Cas and Dylan is a 2013 Canadian comedy-drama film directed by Jason Priestley from a screenplay by Jessie Gabe. It stars Richard Dreyfuss, Tatiana Maslany, Jayne Eastwood, Aaron Poole, Corinne Conley, and Eric Peterson. The film had its world premiere at the Atlantic Film Festival on September 16, 2013. It was released on April 4, 2014, by Pacific Northwest Pictures.

==Plot==

Dr. Cas Pepper is a 61-year-old doctor, a self-proclaimed loner, and terminally ill. Dylan Morgan is a 22-year-old woman, somewhat of a social misfit, and an aspiring writer. She is currently living with her boyfriend Bobby, who is an unstable individual. Cas reluctantly agrees to give Dylan a short lift to her home. Cas accidentally strikes Bobby with his car when he jumps in front of them and points a rifle at them, and, fearing that he may now be a fugitive from the law, drives away with Dylan's encouragement.

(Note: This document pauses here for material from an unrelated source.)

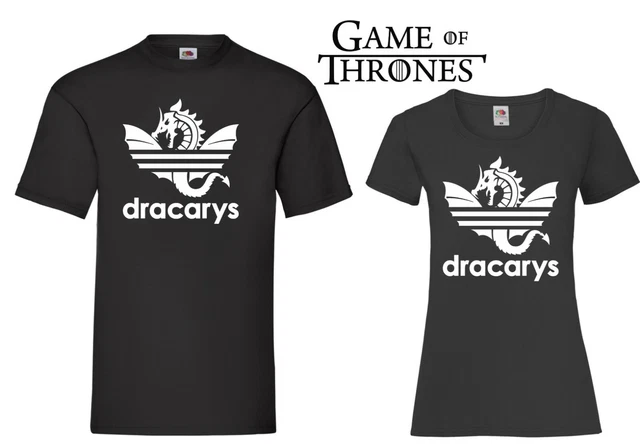 T-Shirt Dracarys Trono Di Spade Game Of Thrones Daeneris Targaryan Adidas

Cas and Dylan take off on a drive across Canada, he heading to his vacation home on Canada's west coast (where he plans to bury his recently deceased dog and to commit suicide), and she towards an ostensible interview with a major publishing company she has been communicating with. Initially Cas is not thrilled with the prospect of spending the ride with this young talkative kid, but as the adventure progresses, they grow sweetly fond of each other, helping one another resolve the issues they encounter along the way.

The epilogue shows a successful, fulfilled Dylan some time after the cross-country trip, with her voice-over telling us about her tremendous respect for him, and that her current happiness is largely a result of following his advice—a happiness not hindered by the fact that he left her his entire estate after his death (as well as his "secret" pasta sauce recipe).

==Production==
In March 2012, it was announced that Jason Priestley would direct the film in his directorial debut, from a screenplay by Jessie Gabe, with Tatiana Maslany attached to star in the film, and with Mark Montefiore producing the film. In August 2012, it was announced that Richard Dreyfuss had been cast in the film as Dr. Cas Pepper.

Principal photography began in late summer and early fall of 2012 in Greater Sudbury, Ontario. Additional scenes were filmed in Calgary, Alberta.

==Release==
The film had its world premiere at the Atlantic Film Festival on September 16, 2013. It was released in Canada on April 4, 2014. In November 2014, Entertainment One acquired U.S distribution rights to the film.
The film was released through video on demand on April 17, 2015 prior to a limited release on May 1, 2015.

==Critical reception==
Cas and Dylan received negative reviews from film critics. It holds a "Rotten" 31% rating on review aggregator website Rotten Tomatoes, based on 13 reviews, with an average rating of 4.7/10. On Metacritic, the film holds a rating of 32 out of 100, based on 6 critics, indicating "Generally unfavorable reviews".

The film won the Audience Award at the 2013 Whistler Film Festival.